- [What needs to be done]: Beneath this task are records; print exactly the stretch of them from the line with "Genuine Leather Women's" through the line with "Katharine Hamnett London KATHARINE", both ends included.

- [Input records]:

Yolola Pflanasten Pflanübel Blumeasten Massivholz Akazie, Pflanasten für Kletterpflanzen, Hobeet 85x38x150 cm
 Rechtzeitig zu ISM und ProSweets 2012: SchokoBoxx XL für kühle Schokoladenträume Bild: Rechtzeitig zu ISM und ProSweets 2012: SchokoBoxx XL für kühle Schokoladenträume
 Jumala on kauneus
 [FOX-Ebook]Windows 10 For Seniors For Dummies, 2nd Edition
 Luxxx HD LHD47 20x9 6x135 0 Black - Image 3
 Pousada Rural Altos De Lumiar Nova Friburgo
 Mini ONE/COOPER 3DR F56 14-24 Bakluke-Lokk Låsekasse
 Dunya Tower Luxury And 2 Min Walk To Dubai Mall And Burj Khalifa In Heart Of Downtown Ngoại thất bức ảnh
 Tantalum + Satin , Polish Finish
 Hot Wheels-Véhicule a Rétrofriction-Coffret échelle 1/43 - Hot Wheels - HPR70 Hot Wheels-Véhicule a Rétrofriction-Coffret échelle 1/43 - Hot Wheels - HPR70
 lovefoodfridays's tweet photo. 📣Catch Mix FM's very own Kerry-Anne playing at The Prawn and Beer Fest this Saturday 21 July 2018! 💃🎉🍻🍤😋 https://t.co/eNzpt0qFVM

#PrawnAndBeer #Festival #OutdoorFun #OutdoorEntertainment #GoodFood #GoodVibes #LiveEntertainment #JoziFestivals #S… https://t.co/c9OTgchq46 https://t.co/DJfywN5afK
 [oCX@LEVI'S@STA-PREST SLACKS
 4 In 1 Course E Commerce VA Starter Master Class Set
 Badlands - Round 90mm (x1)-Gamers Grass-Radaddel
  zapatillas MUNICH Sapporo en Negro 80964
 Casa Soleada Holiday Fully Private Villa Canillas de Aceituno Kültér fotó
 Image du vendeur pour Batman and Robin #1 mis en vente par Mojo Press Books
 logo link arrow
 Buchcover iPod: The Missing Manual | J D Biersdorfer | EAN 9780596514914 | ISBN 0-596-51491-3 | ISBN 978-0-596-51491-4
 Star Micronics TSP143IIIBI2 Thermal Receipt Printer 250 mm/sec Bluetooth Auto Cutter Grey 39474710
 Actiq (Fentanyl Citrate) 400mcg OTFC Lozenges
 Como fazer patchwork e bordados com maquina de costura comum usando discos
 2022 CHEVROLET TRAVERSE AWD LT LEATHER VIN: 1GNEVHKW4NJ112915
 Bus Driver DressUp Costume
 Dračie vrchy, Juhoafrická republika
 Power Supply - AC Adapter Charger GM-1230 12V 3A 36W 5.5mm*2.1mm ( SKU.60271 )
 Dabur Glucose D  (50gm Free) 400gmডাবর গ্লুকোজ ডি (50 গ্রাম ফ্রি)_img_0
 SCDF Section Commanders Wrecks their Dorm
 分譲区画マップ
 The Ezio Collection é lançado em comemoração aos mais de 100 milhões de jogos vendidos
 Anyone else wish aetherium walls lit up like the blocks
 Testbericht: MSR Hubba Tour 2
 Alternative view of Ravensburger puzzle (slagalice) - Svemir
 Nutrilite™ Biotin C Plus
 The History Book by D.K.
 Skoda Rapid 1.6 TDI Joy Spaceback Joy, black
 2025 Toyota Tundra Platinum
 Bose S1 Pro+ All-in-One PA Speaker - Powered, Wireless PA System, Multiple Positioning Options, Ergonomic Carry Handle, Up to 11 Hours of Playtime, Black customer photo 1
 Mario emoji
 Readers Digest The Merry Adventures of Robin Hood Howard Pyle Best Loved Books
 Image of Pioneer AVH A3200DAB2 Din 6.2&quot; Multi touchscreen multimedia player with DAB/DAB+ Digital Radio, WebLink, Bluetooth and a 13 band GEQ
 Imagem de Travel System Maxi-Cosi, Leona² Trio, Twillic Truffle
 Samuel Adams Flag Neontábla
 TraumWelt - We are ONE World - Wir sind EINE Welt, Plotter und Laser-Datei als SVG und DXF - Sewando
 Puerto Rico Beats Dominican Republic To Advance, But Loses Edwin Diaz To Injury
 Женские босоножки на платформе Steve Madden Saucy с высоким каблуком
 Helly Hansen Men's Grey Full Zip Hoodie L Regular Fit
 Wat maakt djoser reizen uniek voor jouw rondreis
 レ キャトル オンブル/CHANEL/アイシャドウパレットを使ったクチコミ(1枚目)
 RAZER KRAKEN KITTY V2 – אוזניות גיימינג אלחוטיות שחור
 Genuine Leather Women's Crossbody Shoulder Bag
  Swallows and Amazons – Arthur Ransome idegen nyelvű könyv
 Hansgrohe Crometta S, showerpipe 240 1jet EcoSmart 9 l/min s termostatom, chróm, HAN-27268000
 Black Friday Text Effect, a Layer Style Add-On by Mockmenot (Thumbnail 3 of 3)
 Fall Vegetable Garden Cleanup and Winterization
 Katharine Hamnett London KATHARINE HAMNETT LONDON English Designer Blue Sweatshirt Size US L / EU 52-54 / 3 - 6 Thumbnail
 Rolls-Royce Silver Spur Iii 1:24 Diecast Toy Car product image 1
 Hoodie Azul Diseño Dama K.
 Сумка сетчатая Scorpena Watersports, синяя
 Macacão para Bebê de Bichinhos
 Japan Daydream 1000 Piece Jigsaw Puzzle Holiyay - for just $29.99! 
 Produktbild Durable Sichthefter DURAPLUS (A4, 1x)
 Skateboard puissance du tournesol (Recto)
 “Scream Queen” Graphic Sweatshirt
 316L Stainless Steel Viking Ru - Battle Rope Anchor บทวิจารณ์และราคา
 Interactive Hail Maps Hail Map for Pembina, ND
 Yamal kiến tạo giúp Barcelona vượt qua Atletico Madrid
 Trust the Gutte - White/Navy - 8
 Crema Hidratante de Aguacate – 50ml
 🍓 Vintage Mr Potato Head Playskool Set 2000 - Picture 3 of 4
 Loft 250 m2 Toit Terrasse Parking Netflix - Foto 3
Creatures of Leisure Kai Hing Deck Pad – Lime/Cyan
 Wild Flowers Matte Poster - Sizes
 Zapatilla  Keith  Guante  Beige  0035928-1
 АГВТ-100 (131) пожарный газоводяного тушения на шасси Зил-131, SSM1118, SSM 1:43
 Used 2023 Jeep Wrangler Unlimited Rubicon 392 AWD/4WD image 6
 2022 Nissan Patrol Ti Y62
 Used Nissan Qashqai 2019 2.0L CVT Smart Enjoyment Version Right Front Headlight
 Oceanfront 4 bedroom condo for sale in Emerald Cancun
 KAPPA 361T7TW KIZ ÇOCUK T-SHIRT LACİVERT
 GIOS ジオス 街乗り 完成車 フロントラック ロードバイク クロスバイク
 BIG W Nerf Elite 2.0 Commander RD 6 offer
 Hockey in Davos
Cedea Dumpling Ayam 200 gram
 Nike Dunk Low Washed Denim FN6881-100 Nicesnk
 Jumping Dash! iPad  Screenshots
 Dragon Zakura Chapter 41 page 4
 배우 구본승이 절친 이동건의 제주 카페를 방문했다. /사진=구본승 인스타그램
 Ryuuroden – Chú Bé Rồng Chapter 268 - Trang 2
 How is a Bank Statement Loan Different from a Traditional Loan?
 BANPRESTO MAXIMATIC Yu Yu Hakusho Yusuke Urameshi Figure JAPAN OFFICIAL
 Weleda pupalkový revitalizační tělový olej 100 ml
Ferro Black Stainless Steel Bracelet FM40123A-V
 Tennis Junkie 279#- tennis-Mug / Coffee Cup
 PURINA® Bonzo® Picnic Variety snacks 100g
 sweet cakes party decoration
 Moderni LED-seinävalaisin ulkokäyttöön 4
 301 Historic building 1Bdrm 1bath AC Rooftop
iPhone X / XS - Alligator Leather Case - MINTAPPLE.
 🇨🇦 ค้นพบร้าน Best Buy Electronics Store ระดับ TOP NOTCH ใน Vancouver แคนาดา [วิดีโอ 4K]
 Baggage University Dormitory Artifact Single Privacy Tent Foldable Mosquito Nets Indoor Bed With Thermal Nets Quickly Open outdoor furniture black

- [Written answer]:
 Genuine Leather Women's Crossbody Shoulder Bag
  Swallows and Amazons – Arthur Ransome idegen nyelvű könyv
 Hansgrohe Crometta S, showerpipe 240 1jet EcoSmart 9 l/min s termostatom, chróm, HAN-27268000
 Black Friday Text Effect, a Layer Style Add-On by Mockmenot (Thumbnail 3 of 3)
 Fall Vegetable Garden Cleanup and Winterization
 Katharine Hamnett London KATHARINE HAMNETT LONDON English Designer Blue Sweatshirt Size US L / EU 52-54 / 3 - 6 Thumbnail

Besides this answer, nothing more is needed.